Save the farmers, their soil, our food
- To create a sustainable work & food system that would provide thousands of farmers and poor filipinos with perpetual work to feed their family by planting cassava on their own land; independently from userous banking institutions or controlling pro-gmo corporations whose goal is to enslave farmers on their own land indefinitely.
- To provide farmers with free certified ORGANIC seeds they can grow on their dry/unused land before GMO companies entice them into signing contracts that will render them prisoners of GMOs for life.
- This natural, non-genetically modified root has been a prime vegetable in the diets of farm animals such as pigs in The Philippines.
- Since cassava seeds need to be planted ONLY for the first harvest (the stems from the 1st harvest will be used thereafter), farmers need NOT to sign shady contracts with GMOs which will enslave the farmers.
We are in a process of forming an independent co-operative dedicated to farmers only, to promote the growth of cassava plants from certified organic seeds we would provide to them, and buy the stock back from them once harvested – 6-12 months later and sell it to a large, farmer-friendly supplier. As cassava grows on most soil condition and is harvested for many months at a time, due to its high volume to harvest, it will offer perpetual work to the farmers and thus consistent revenue.
Our team has already completed most formal administrative requirements with local agencies and was already contacted by a large commodity supplier, the San Miguel Corporation, who agreed to purchase the entire stock of dried cassava chips produced by the farmers of our co-op.
We are ready to build a 500 square meter cassava processing facility equipped with a granulator and a dryer, both needed for the processing cycle.
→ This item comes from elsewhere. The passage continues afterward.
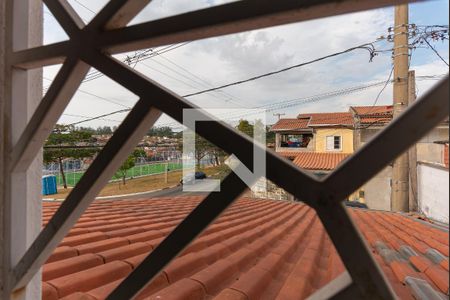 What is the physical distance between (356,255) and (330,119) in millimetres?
9196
Chipping is the first phase of processing but as it may be performed manually, we will not acquire a chipper as it will bring work and revenue to the people in need of work.
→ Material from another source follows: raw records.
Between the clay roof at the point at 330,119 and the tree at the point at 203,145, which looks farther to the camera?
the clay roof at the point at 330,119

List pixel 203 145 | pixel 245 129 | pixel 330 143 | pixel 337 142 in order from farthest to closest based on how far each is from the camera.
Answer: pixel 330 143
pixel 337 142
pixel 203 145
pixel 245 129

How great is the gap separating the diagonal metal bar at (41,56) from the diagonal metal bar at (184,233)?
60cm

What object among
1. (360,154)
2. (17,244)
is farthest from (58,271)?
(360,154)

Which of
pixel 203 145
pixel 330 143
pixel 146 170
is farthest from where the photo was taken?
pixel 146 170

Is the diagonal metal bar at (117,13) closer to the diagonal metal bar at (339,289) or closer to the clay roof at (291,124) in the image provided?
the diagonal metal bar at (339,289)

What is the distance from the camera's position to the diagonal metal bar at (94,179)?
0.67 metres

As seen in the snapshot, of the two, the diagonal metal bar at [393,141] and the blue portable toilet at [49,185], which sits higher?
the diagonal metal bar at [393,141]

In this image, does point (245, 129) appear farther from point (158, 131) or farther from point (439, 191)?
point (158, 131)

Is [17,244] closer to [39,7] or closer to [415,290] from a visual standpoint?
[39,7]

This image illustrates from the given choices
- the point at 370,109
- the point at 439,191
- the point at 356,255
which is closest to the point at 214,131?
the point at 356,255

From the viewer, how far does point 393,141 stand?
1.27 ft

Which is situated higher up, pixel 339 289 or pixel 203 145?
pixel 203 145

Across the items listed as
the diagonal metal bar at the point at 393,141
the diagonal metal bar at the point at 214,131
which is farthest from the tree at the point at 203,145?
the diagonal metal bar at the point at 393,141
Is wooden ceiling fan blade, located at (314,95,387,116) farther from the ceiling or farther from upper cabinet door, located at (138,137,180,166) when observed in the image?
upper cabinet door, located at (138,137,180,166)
We conducted our own local survey asking for feedback about the project from local farmers. Surprisingly, all farmers had some unused or dried land, often due to lack of irrigation, they would allocate to this new project, should it be launched.
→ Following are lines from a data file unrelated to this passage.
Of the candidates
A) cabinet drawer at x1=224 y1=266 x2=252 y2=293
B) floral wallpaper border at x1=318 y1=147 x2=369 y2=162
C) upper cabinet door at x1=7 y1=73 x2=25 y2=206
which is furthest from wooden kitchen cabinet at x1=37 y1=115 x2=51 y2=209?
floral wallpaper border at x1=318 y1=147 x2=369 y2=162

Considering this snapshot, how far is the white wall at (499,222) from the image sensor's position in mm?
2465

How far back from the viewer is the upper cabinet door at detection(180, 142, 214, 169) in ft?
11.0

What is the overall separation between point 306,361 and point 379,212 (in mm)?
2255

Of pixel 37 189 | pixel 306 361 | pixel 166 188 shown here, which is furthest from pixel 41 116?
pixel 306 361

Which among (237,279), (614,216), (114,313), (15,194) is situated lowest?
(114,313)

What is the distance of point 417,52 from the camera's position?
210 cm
We concluded the survey a success when nearly 25 farmers were seriously interested in joining the future co-op and growing cassava. We also found that most farmers did not now what GMOs where; a degree of ignorance that explains why The Philippines is so gmo-friendly.
These are images of dried-up land with various types of crops these farmers have lost due to weather and lack of irrigated soil.
Ensuring Farmers’ Protection & Natural Products
We have already registered with the Department of Environment & Natural Resources (DENR) and will do the same with the Department of Agriculture and The Farmers’ Union. We will buy organic cassava seedlings & stems from a local, non-gmo, agricultural school and distribute them to the farmers.
Cassava Process after harvest
After picking the root, the stem must be chipped, dried, granulated, bagged and then sold to suppliers.
The Supplier’s Agreement
The co-op will sign a mutual exclusivity agreement with a supplier stipulating the supplier will buy the entire stock, while in return, the co-op will agree to sell its stock only to the supplier. The San Miguel Corporation is interested in participating in this program and already sent us the details of the potential agreement to purchase all future stocks from the co-op.
The Farmer’s Agreement
The co-op will sign a mutual exclusivity agreement for a period of two years with the farmer stipulating the later will sell the products financed by the co-op only to the co-op. After the second harvest, the farmer will be free to choose his own supplier or remain with the co-op.
Revenues & Productivity
Each hectare of cassava may produce an average of 35 tons per year (35,000 kg) yielding an average profit margin of $2,500 per hectare per year per farmer and each year thereafter incurring minimal expenses.
The average national salary is $1,200 per year.
After expenses, ALL PROCEEDS will be used to continue developing the work & food project by adding, as budget allows, the next commodity: RICE. We will also expend our information campaign to offer uneducated farmers an alternative to planting GMO products while remaining sole owners of their ancestral lands.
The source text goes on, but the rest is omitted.